• _EXERCISE DETAILS_:
Give back, exactly and with nothing else, the lines running from the one that contains "BUĞZ Su Tutmayan" to the end of the entries below; do not include pictures.

────────────────────────────────────────

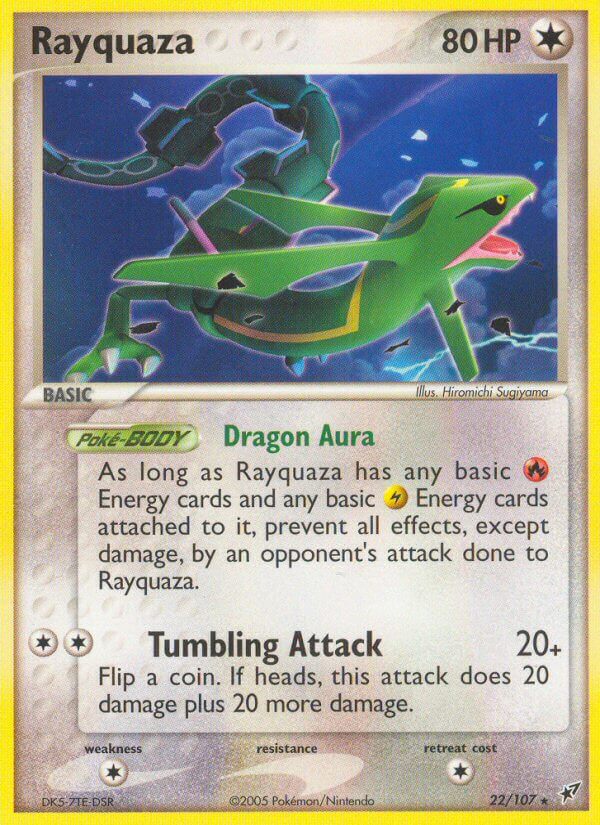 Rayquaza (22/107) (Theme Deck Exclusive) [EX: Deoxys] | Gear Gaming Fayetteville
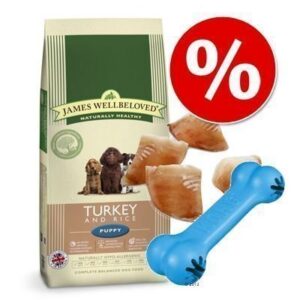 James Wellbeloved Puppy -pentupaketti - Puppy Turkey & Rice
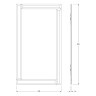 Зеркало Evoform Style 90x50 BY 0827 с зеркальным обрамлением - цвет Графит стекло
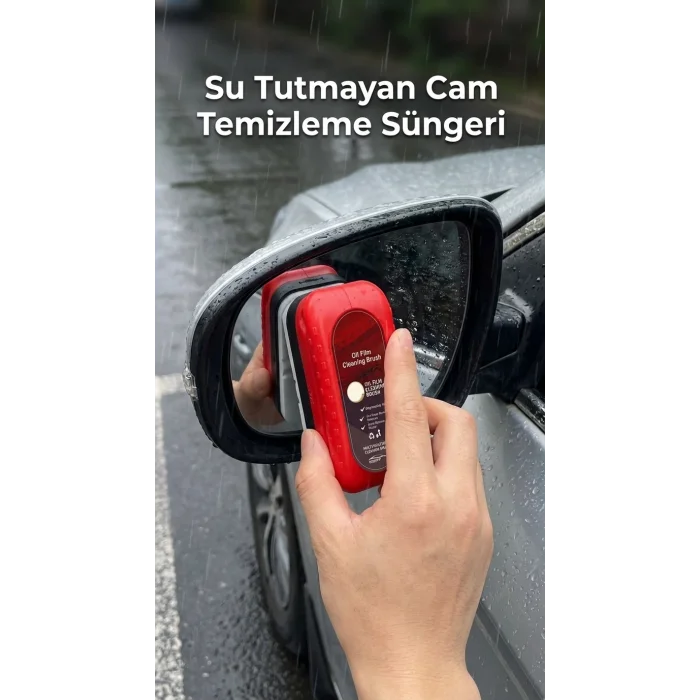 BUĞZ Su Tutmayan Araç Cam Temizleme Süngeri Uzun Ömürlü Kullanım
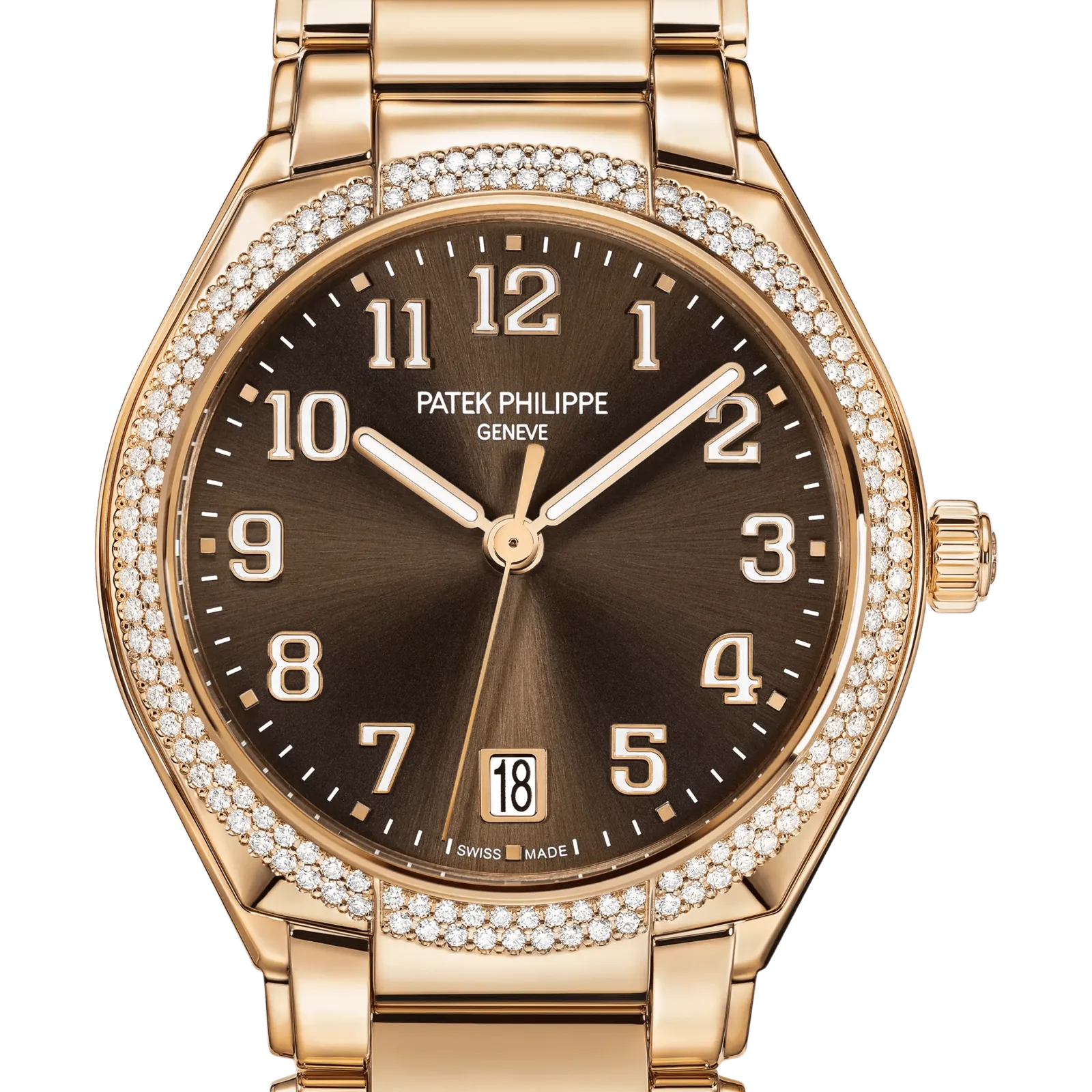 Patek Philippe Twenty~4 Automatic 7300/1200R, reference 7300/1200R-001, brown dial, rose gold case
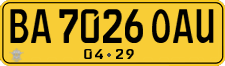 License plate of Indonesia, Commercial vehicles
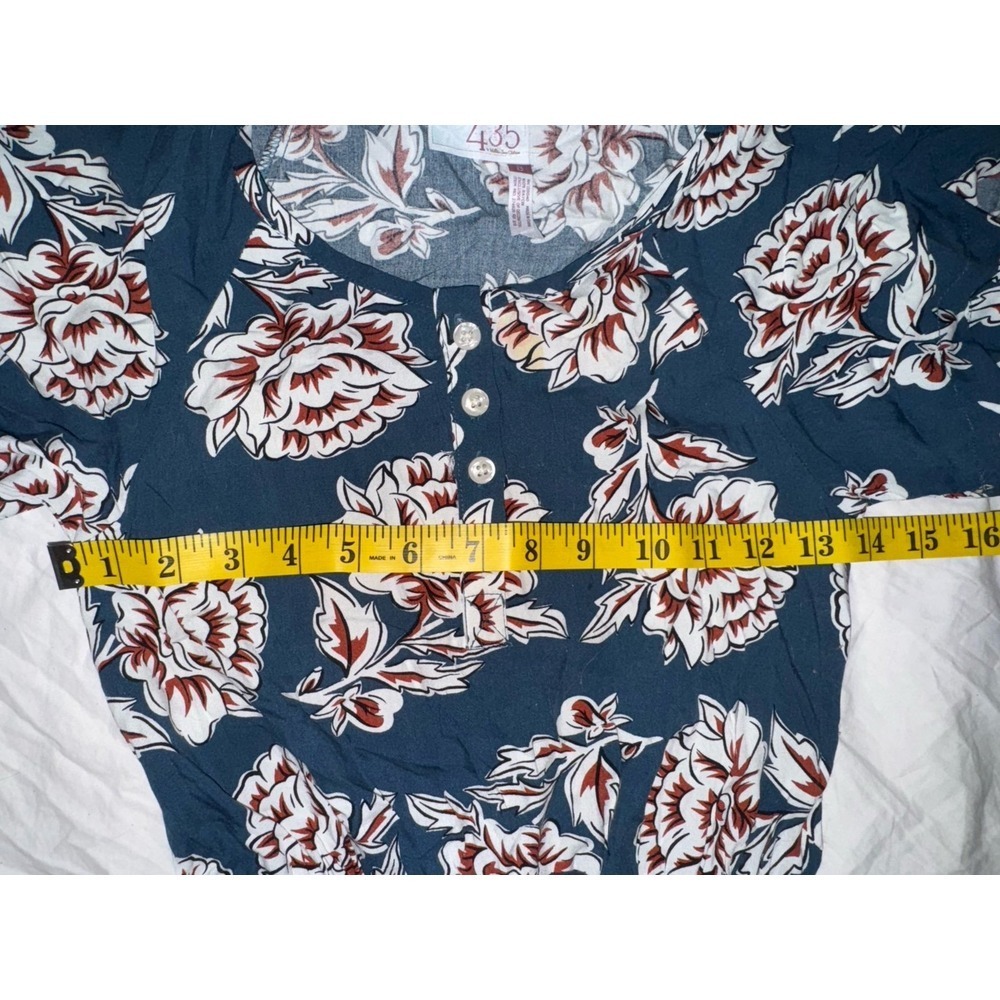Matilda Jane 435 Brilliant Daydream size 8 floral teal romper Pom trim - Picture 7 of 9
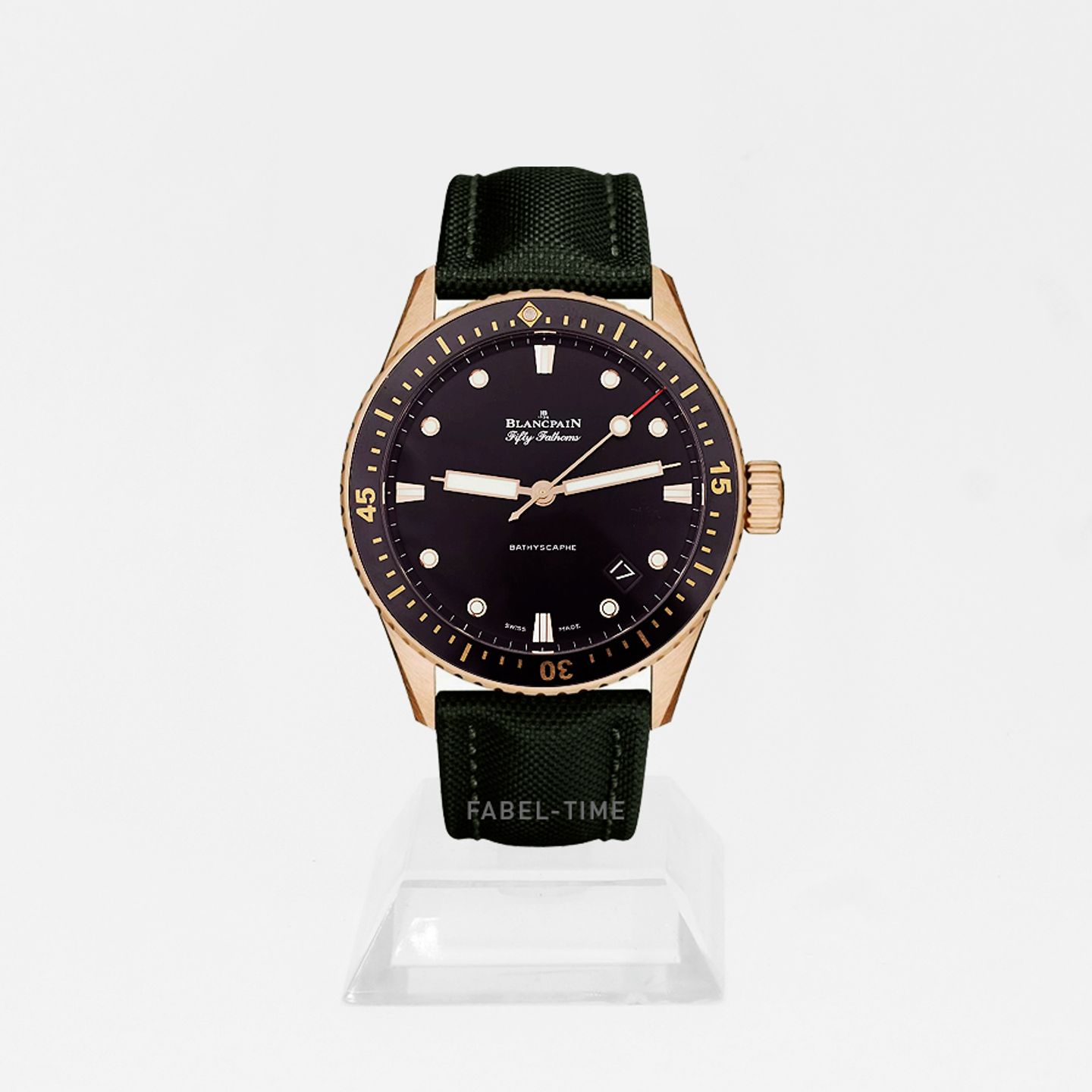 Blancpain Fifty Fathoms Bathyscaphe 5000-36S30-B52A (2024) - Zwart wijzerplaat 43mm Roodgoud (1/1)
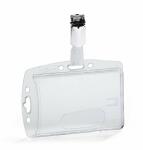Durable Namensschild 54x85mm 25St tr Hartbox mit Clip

────────────────────────────────────────

• _PROBLEM SOLUTION_:
 BUĞZ Su Tutmayan Araç Cam Temizleme Süngeri Uzun Ömürlü Kullanım
 Patek Philippe Twenty~4 Automatic 7300/1200R, reference 7300/1200R-001, brown dial, rose gold case
 License plate of Indonesia, Commercial vehicles
Matilda Jane 435 Brilliant Daydream size 8 floral teal romper Pom trim - Picture 7 of 9
 Blancpain Fifty Fathoms Bathyscaphe 5000-36S30-B52A (2024) - Zwart wijzerplaat 43mm Roodgoud (1/1)
Durable Namensschild 54x85mm 25St tr Hartbox mit Clip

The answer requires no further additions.